*** SUPPLIED MATERIAL ***
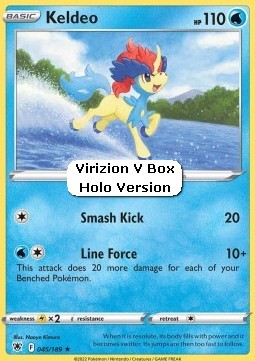 Keldeo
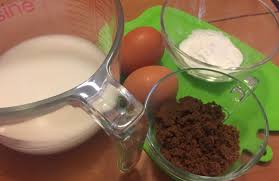 500 ml di latte di riso. Crema Pasticcera Al Latte Di Riso Le Ricette Della Salute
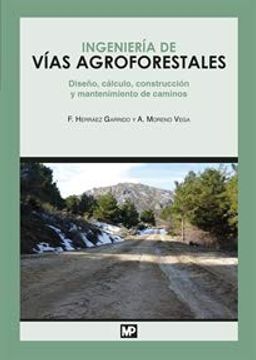 portada Ingeniería de Vías Agroforestales (Agricultura) (in Spanish)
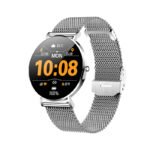 Women's Smart Bluetooth Watch with Stainless Steel Strap, Heart Rate Monitor, Sports Features, Call Function - Image 5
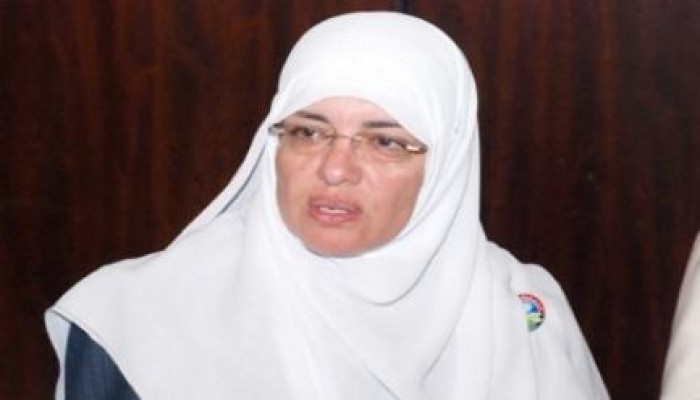 عزة الجرف  تكتب: الصليبي وديع حنا  " نجحنا في مصادرة اموال وجمعيات ومدارس الإخوان "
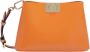 Furla Shoulder Bags Oranje Dames - Thumbnail 1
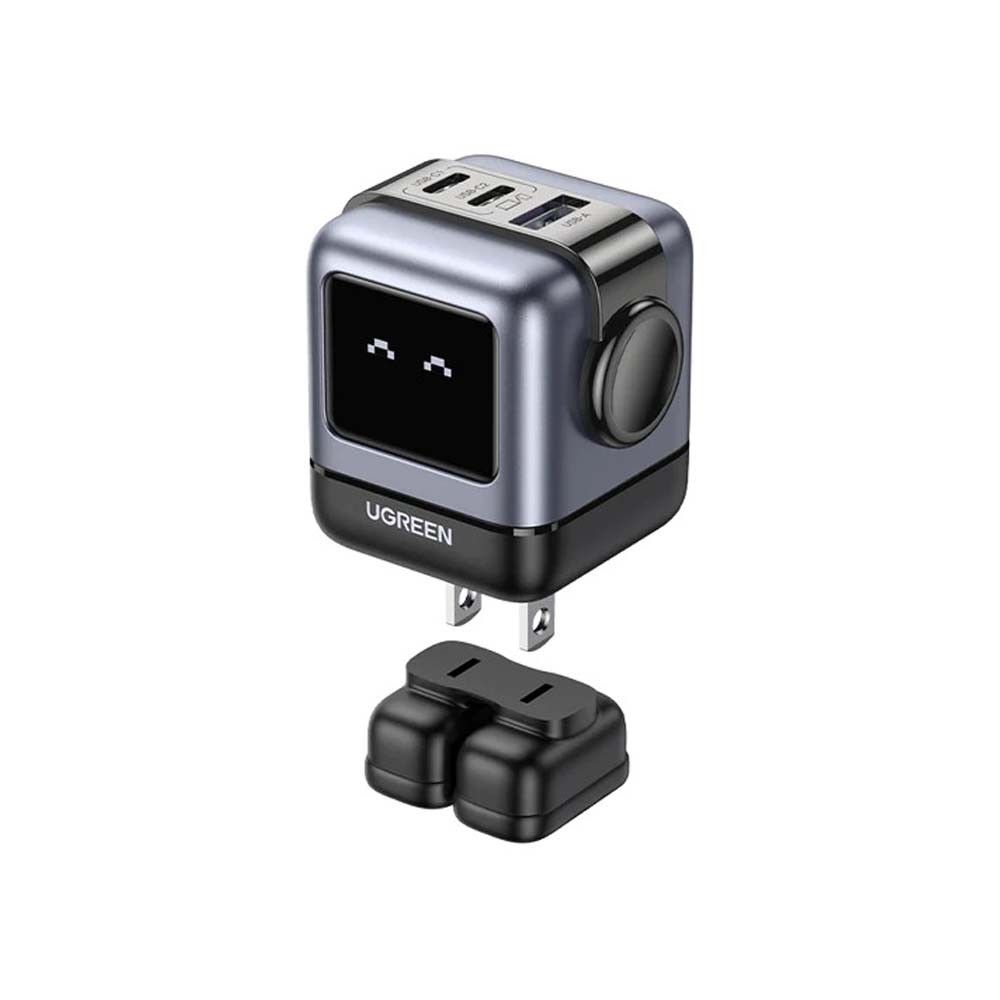 UGREEN RG 65W Nexode Robot GaN Charger - Image 2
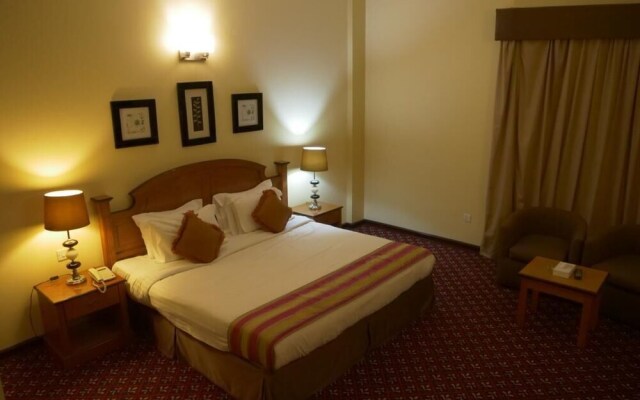 La Rosa Hotel Juffair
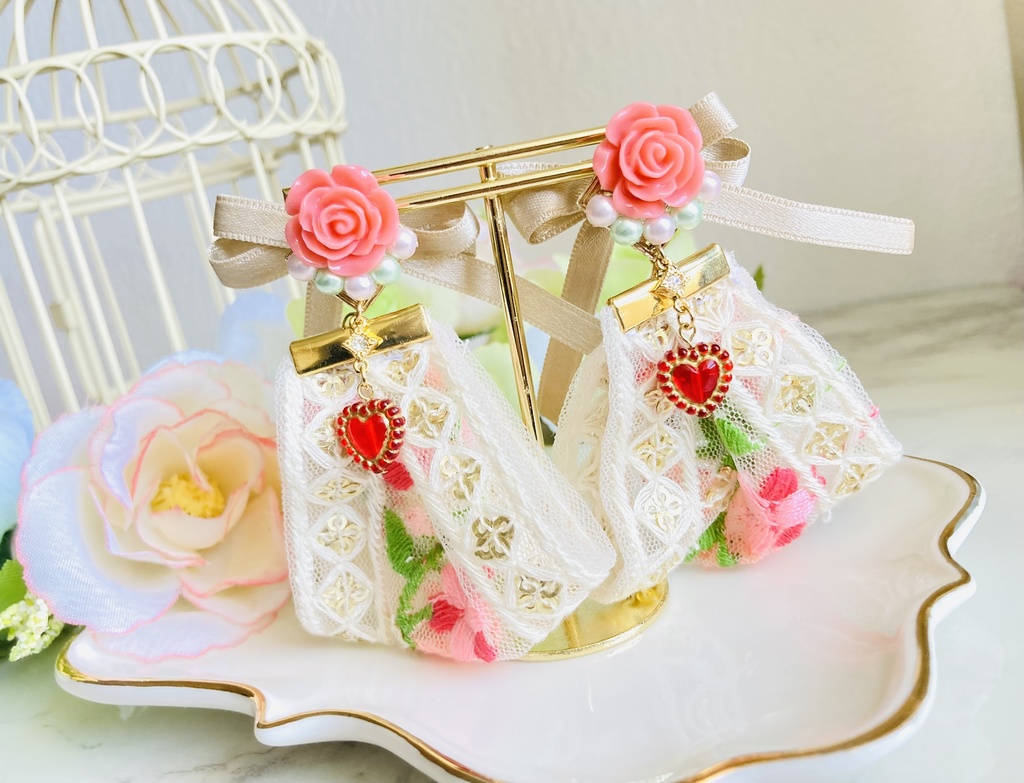 【あんスタ】fine 恋はプリマヴェーライメージアクセサリー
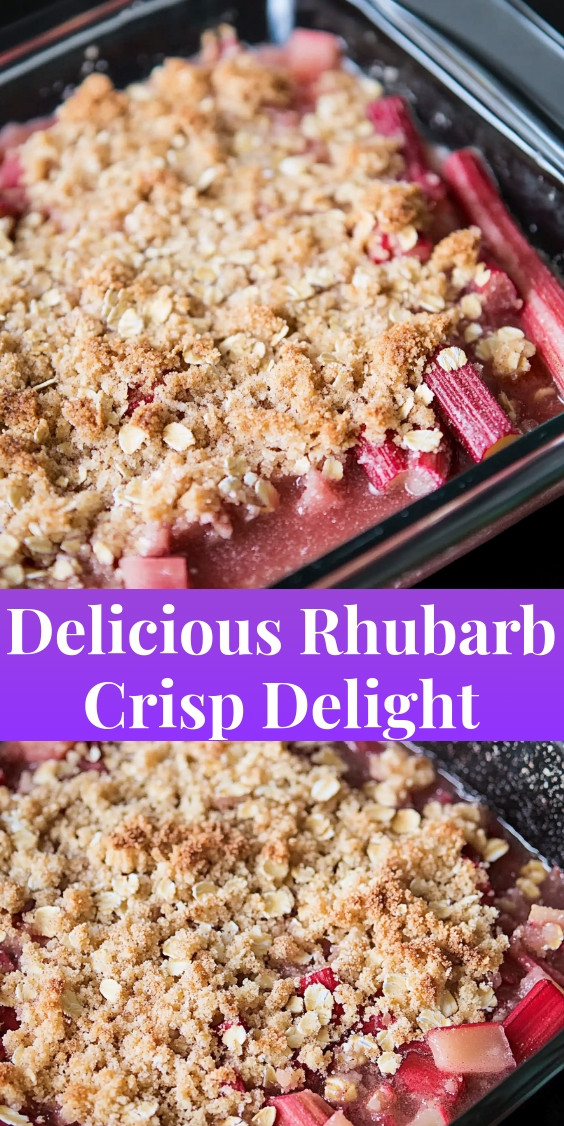 Delicious Rhubarb Crisp Delight 8 Delicious-Rhubarb-Crisp-Delight.webp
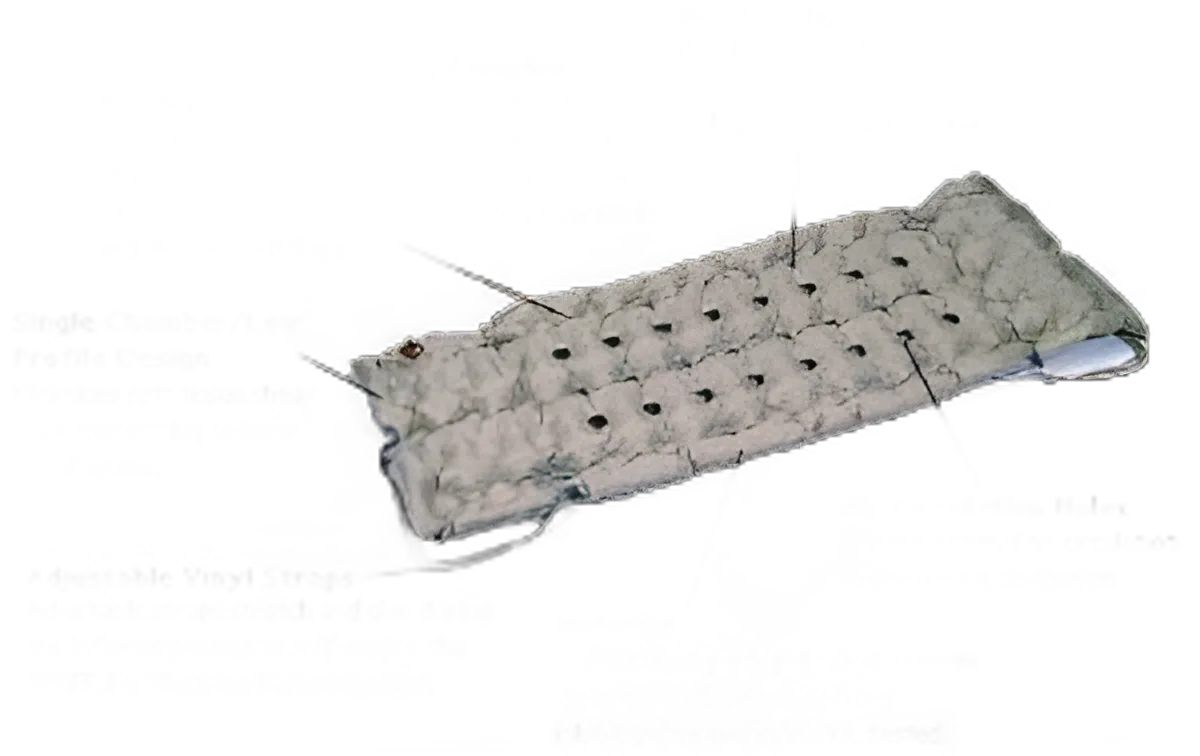 Mattress Overlay Waffle® M.A.D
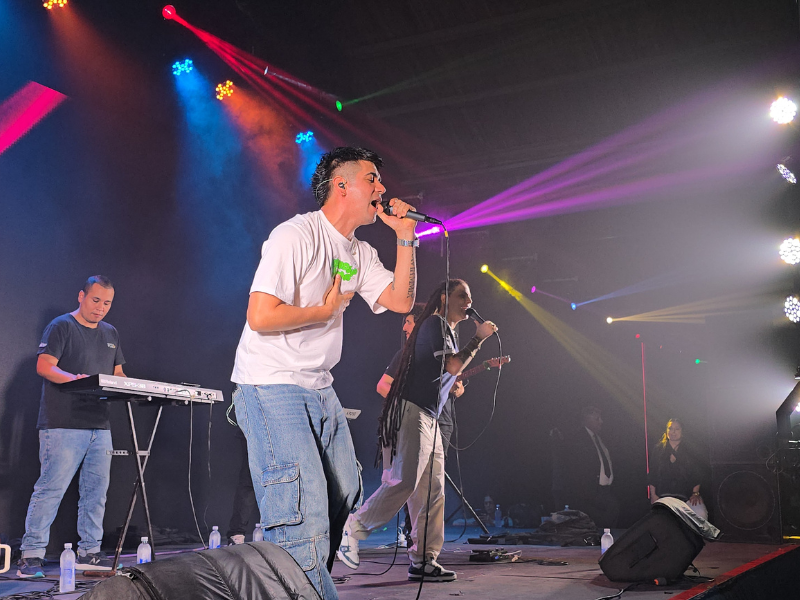 Grupo Play en la Ciudad Fest hizo vibrar La Rural ante 1500 invitados 5 Grupo Play en la Ciudad Fest hizo vibrar La Rural ante 1500 invitados 1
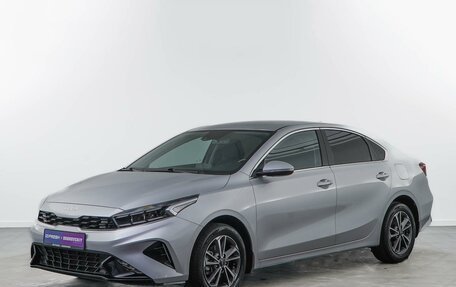 KIA Cerato IV, 2021 год, 2 326 444 рублей, 5 фотография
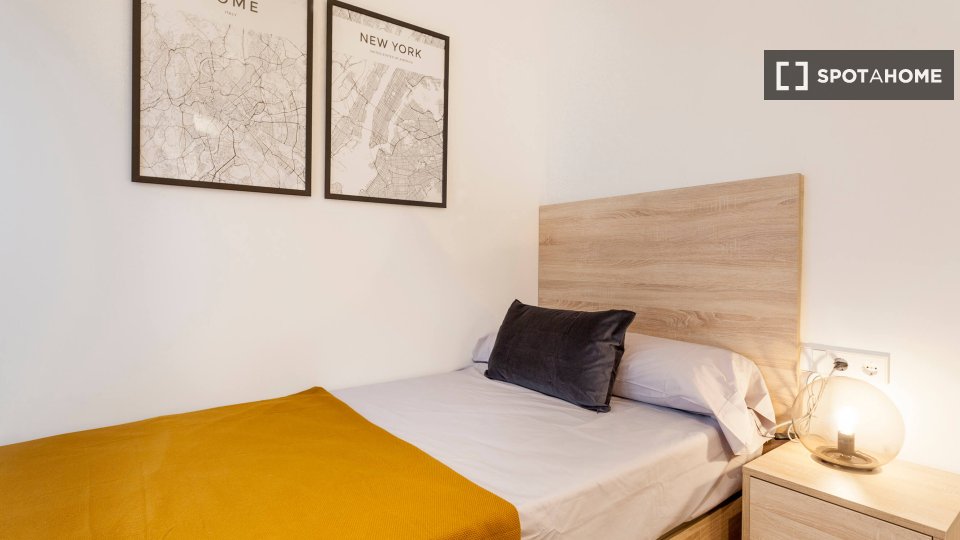 Apartment mono Valencia, 15m² — photo 9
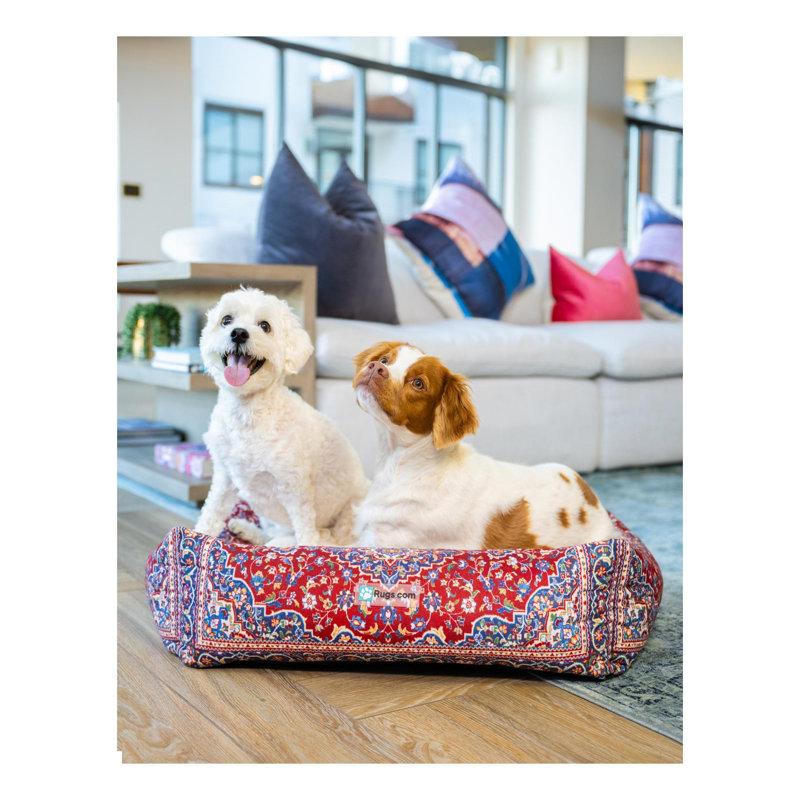 Tapis pour lit de qualité supérieure Rugs.com, H 7,5 po x l 16 po x P 20 po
*** End of SUPPLIED MATERIAL ***
§ TASK DETAILS: Please write out every record above exactly, but leave the pictures out.

§ SOLVED EXERCISE:
 Keldeo
 500 ml di latte di riso. Crema Pasticcera Al Latte Di Riso Le Ricette Della Salute
 portada Ingeniería de Vías Agroforestales (Agricultura) (in Spanish)
 Women's Smart Bluetooth Watch with Stainless Steel Strap, Heart Rate Monitor, Sports Features, Call Function - Image 5
 عزة الجرف  تكتب: الصليبي وديع حنا  " نجحنا في مصادرة اموال وجمعيات ومدارس الإخوان "
 Furla Shoulder Bags Oranje Dames - Thumbnail 1
 UGREEN RG 65W Nexode Robot GaN Charger - Image 2
 La Rosa Hotel Juffair
 【あんスタ】fine 恋はプリマヴェーライメージアクセサリー
 Delicious Rhubarb Crisp Delight 8 Delicious-Rhubarb-Crisp-Delight.webp
 Mattress Overlay Waffle® M.A.D
 Grupo Play en la Ciudad Fest hizo vibrar La Rural ante 1500 invitados 5 Grupo Play en la Ciudad Fest hizo vibrar La Rural ante 1500 invitados 1
 KIA Cerato IV, 2021 год, 2 326 444 рублей, 5 фотография
 Apartment mono Valencia, 15m² — photo 9
 Tapis pour lit de qualité supérieure Rugs.com, H 7,5 po x l 16 po x P 20 po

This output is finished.